Wild creatures camouflaged as
waves and waves receding
from plains pulling
upward slopes and snow dusted mountains.
On spotted and clearcut hills robbed of fir,
high above wheat-tapestried valleys, flood plains
up where head waters reside.
Droplets pound, listen.
Hoofed and pawed mammals
pawing and hoofing themselves up, up.
Along rivers dammed by chocolate beavers,
trailed by salamanders-mud puppies.
Plunging through currents,
above concrete and steel man-made barriers
these populations of forests flee
in such frenzy, popping splash dance,
pillaging cattail zones, lashing lily pads—
the breath of life in muddy ponds and still lakes.
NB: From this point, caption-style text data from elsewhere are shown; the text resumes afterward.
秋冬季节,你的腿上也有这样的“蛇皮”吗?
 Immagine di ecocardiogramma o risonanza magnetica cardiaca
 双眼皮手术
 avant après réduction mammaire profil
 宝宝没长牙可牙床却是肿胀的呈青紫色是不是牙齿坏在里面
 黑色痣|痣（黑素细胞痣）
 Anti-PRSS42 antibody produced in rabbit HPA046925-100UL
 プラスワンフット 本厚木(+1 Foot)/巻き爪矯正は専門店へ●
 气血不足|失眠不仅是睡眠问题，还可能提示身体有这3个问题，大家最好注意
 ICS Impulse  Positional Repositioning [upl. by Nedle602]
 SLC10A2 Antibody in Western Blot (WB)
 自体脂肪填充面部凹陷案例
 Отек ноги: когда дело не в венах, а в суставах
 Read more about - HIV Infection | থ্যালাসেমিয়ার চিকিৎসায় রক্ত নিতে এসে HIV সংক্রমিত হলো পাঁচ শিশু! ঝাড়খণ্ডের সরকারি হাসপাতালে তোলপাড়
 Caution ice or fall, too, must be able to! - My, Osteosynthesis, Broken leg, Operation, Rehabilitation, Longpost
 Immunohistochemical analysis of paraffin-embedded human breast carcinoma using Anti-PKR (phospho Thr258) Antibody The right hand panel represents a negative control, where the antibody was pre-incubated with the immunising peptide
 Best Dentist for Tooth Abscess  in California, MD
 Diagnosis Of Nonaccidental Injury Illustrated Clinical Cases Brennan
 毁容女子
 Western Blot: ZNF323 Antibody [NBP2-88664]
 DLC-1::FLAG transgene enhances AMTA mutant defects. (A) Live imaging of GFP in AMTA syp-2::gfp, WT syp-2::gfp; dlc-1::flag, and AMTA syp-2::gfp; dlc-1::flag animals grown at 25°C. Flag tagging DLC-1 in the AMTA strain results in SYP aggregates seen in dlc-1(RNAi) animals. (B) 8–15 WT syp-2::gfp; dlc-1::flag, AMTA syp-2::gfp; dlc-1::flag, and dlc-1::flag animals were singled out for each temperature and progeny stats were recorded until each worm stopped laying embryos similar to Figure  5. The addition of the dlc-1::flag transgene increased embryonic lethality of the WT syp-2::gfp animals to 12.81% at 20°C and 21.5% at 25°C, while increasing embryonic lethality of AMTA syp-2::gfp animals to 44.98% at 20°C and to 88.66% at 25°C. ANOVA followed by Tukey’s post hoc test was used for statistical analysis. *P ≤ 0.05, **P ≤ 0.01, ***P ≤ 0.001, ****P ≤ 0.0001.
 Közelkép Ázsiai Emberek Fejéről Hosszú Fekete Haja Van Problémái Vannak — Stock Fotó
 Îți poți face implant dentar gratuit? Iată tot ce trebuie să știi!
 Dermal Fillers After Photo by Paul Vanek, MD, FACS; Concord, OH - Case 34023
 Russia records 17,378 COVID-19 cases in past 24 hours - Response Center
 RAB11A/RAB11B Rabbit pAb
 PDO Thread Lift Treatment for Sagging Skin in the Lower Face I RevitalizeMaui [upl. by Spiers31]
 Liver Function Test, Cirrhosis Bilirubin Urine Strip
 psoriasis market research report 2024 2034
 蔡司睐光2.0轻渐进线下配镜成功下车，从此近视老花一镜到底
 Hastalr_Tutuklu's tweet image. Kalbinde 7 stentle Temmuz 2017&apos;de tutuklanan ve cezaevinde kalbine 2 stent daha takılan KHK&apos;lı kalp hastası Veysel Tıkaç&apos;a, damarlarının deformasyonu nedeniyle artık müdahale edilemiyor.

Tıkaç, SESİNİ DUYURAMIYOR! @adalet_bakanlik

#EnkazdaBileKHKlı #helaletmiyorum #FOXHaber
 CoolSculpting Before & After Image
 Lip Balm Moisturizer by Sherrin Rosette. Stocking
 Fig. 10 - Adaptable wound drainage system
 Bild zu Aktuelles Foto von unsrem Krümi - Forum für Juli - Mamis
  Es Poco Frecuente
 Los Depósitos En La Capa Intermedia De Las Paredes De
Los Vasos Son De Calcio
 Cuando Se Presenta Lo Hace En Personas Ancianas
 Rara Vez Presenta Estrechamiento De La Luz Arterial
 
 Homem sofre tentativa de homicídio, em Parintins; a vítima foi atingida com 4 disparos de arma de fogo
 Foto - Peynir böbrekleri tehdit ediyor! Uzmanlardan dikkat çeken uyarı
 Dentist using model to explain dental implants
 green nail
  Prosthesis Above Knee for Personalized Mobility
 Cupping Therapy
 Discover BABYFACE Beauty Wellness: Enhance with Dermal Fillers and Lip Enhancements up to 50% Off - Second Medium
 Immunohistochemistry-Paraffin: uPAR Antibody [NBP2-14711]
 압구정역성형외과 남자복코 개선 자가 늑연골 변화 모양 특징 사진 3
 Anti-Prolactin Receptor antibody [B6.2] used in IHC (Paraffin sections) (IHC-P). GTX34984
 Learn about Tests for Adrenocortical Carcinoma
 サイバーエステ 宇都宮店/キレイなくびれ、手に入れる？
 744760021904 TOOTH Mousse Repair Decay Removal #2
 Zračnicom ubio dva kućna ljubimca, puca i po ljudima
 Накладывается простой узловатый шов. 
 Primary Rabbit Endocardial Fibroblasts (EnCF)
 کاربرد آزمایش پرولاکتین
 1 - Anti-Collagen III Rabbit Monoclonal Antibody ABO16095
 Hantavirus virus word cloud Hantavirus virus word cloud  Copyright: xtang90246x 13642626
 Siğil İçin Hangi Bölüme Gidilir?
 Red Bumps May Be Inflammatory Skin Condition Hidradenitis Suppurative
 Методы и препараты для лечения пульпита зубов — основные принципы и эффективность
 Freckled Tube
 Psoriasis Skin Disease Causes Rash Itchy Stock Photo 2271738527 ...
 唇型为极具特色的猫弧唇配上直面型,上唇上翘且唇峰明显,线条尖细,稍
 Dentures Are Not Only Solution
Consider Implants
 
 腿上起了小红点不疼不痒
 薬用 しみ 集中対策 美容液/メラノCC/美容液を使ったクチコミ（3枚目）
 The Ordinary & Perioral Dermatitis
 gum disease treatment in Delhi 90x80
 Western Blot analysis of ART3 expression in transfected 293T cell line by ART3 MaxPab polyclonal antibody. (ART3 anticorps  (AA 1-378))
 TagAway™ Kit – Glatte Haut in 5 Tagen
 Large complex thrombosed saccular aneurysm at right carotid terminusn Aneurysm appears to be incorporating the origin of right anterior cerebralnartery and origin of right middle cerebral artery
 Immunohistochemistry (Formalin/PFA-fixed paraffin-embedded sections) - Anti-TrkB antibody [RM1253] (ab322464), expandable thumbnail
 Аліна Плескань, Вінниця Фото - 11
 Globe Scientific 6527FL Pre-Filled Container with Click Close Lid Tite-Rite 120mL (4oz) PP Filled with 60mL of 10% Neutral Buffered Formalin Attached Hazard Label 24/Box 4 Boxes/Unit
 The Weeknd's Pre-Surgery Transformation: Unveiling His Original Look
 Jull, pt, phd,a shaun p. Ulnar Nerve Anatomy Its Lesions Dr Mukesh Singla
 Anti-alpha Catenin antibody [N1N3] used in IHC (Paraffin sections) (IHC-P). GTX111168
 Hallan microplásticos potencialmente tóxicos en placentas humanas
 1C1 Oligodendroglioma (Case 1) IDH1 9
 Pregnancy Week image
Liquid beads slide on windshield glass
along cracked and shattered pane,
spider-like with webs and prisms.
Look, there, the rainbow
touched the ground both ends down.
Full arch, seven colors showered, heed
what the indigenous know,
why long ago they said people didn’t belong here,
that this land was meant to be wet with waters
not fertile to crops and domestic grazing.
The old ones said,
When the animals leave this place
the waters will come again.
This power is beyond the strength of man.
The river will return with its greatest force.
No one can stop her.
She was meant to be this way.
The rainbow tied with red and green like
that on petal rose, though only momentarily.
Colors disappear like print photograph fading.
They mix with dark grey surrounding.
A flurry of fowl follow
like strands, maidenhair falls,
from blackened clouds above
swarming inward
covering the basin and raising sky.
Darkness hangs over
the hills appear as black water crests,
blackness varying shades.
The sun is somewhere farther than the farthest ridge.
Main gravel crossroads and back back roads
slicken to mud, clay.
Turtles creep along rising banks, snapping jowls.
Frogs chug throaty songs.
The frogs only part of immense choir
heralding the downpour, the falling oceans.
Over the train trestle and suspension bridge with
current so slick everything slides off in sheets.
Among rotten stumps in dark bass ponds,
catfish reel in fins and crawl,
walking whiskers to higher waters.
Waters above and below
the choir calling it forth.
Brightly plumed jays and dull brown-headed cowbirds
fly as if hung in one place like pinwheels.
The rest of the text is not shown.